Week 1 Assignment - Running a Classification Tree
Introduction
In this assignment I am going to run a Classification Tree on my explanatory and response variables. My response variable is a person’s confidence level on becoming wealthy. My explanatory variables are a person’s gender, education level, age category, ethnicity (Non-Hispanic Black and Non-Hispanic White only), MSA Status, and binary annual income level (1 for income level higher than population median income, 0 for lower than or equal to it). MSA stands for Metropolitan Statistical Areas status. It is a geographical region with a relatively high population density at its core and surrounding communities which is comprised of a minimum population of 50,000 or more people. This variable is called PPMSACAT in my test, and the value of 0 represents Non-Metro living status and 1 for Metro living status.
The following tables show the statistics of my explanatory variables.
From these explanatory variables I have managed the following two variables to binary categorical variables:
W1_P20 (Annual Income) to BI_INCOME_LEVEL: 0 means income level less than or equal to population median income, that is category 9 ($30,000 to $34,999), and 1 for higher than population median income
-------------------------------------------------------------------------------------
Frequency Table of BI_INCOME_LEVEL
-------------------------------------------------------------------------------------
Frequency Perc.(%) Cumulative Frequency Cumulative Perc.(%)
<= Median 1011 49.56 1011 49.56
> Median 1029 50.44 2040 100.00
PPETHM (Ethnicity) to ETHN_BW: 0 means Non-Hispanic White ethnicity, and 1 means Non-Hispanic Black
-------------------------------------------------------------------------------------
Frequency Table of ETHN_BW
-------------------------------------------------------------------------------------
Frequency Perc.(%) Cumulative Frequency Cumulative Perc.(%)
White 800 39.22 800 39.22
Black 1240 60.78 2040 100.00
My response variable originally looks as follows in the table W1_F4_D. However, due to lack of pruning capability in the current SKLearn library in Python, hence trying to avoid overfitting of the resultant tree with so many branches, I have decided to manage my response variable to a binary categorical value, 1 for a person feeling hard to become wealthy, 0 for feeling easy.

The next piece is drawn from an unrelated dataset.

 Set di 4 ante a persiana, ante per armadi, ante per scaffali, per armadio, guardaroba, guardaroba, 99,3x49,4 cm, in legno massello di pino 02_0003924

After performing data management operation on it to condense it to two levels (Easy and Hard), the statistics of my response variable looks as follows.
-------------------------------------------------------------------------------------
Frequency Table of 'To Become Wealthy'
-------------------------------------------------------------------------------------
Frequency Percentage(%) Cumulative Frequency Cumulative Percentage(%)
Easy 216 9.69 216 9.69
Hard 2013 90.31 2229 100.00
(Note: The overall frequency was reduced from 2,294 to 2229 (= 216 + 2013). That’s because this statistic was derived after dropping all of NaN values from my data frame, hence quite a few rows in my original data frame were eliminated from the counting.)
Program:
The Python source is appended at the bottom of this report.
Analysis
I have run my Python program, and here is the result:
-------------------------------------------------------------------------------------
Training and Test Data Sets
-------------------------------------------------------------------------------------
pred_train: (1224, 6)
pred_test: (816, 6)
tar_train: (1224,)
tar_test: (816,)
The training sample has 1224 observations or rows, 60% of our original sample, and 6 explanatory variables. The test sample has 816 observations or rows, 40% of the original sample. And again 6 explanatory variables or columns.

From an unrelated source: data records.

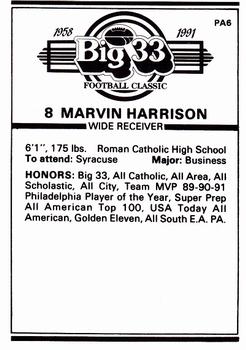 1991 Big 33 Pennsylvania High School #PA6 Marvin Harrison Back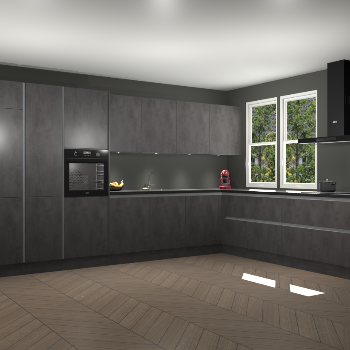 Beton Antraciet greeploze keuken Opole 61582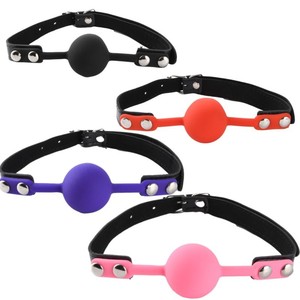 Juguetes sexuales, juguetes de bondage SM, mordedores, bolas bucales de silicona sólida, accesorios para parejas adultas totalmente de silicona - Product Image 1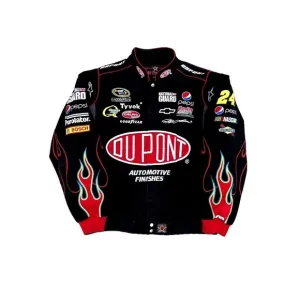 Vintage Y2K Jeff Hamilton Jeff Gordon Black DuPont Nascar Racing Jacket XL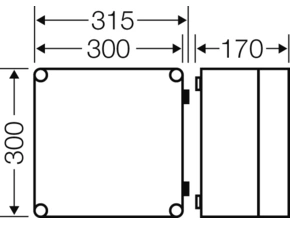 HEN Mi 9200 Prázdná rozvodnice s průhledným víkem na pantech, IP 65, vnější rozměry (š-v-h) 300x300x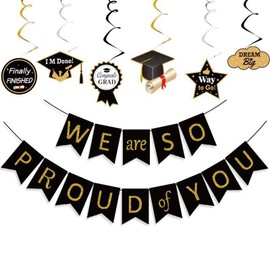 Graduation Decorations Banner Bunting Kit, Proud of You Gifts, Ideal for Congratulate Class of 2025, Graduation Party Decorations and Congratulations Banner Displays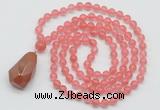 GMN4900 Hand-knotted 8mm, 10mm cherry quartz 108 beads mala necklace with pendant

-------------------------------------------------------------------------------------
Confusion Matrix and Accuracy Score
-------------------------------------------------------------------------------------
Confusion Matrix:
[[ 5 69]
[ 31 711]]
Accuracy Score: 0.8774509803921569
The confusion matrix shows the correct and incorrect classifications of our decision tree. The diagonal, 5 and 711, represent the number of true negative for feeling hard on being wealthy, and the number of true positives, respectively. The 31, on the bottom left, represents the number of false negatives - classifying feeling hard on being wealthy as feeling easy on being wealthy. And the 69 on the top right, the number of false positives, classifying feeling easy on being wealthy as feeling hard on being wealthy.

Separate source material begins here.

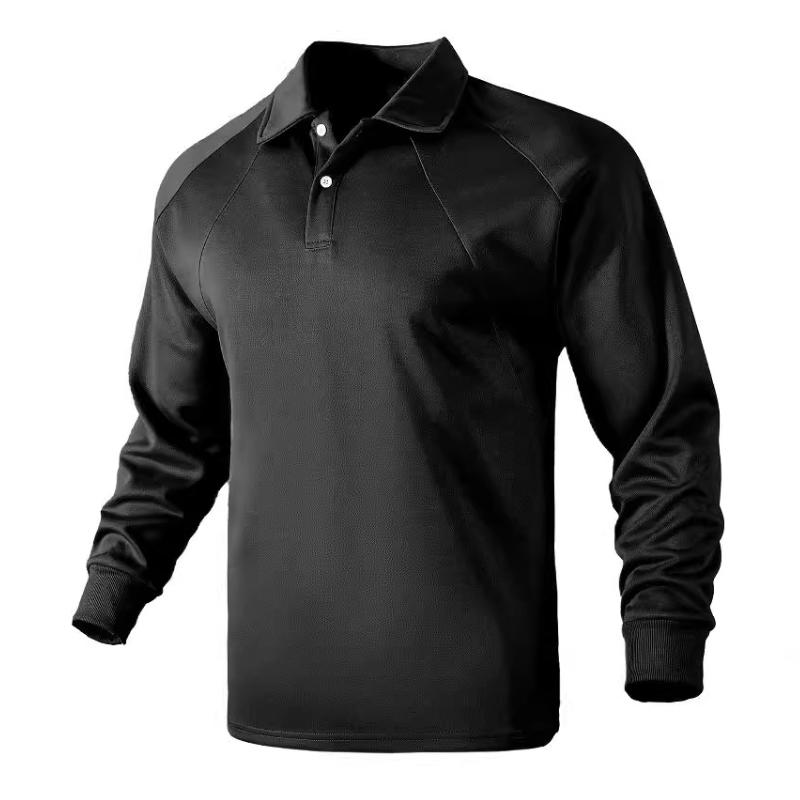 ModeGeist | Langärmliges Poloshirt Knopfverschluss Klassisch und Stilvoll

We can also look at the accuracy score which is approximately 0.87, which suggests that the decision tree model has classified 87% of the sample correctly as either feeling easy or feeling hard on being wealthy.
The following is the tree graph resulted:
The resulting tree starts with the split on X[1], my second explanatory variable, PPEDUCAT, peoples’ educational level, as depicted as blow:
Left branch and its children branches from the top node:
From the node of X3 (age category), another split is made on a person’s ethnicity, variable X2, such that among those individuals with less than Bachelor’s degree (X[1] <= 3.5), age younger than approximately 40 (X[3] <= 3.5), 35 of them is belong to White ethnicity group (X[2] <= 0.5), while 486 belong to Black ethnicity group.
From that node of X[2] with 521 samples, we see that 10 of individuals are with below High School education (X[1] <= 1.5), while 220 are higher.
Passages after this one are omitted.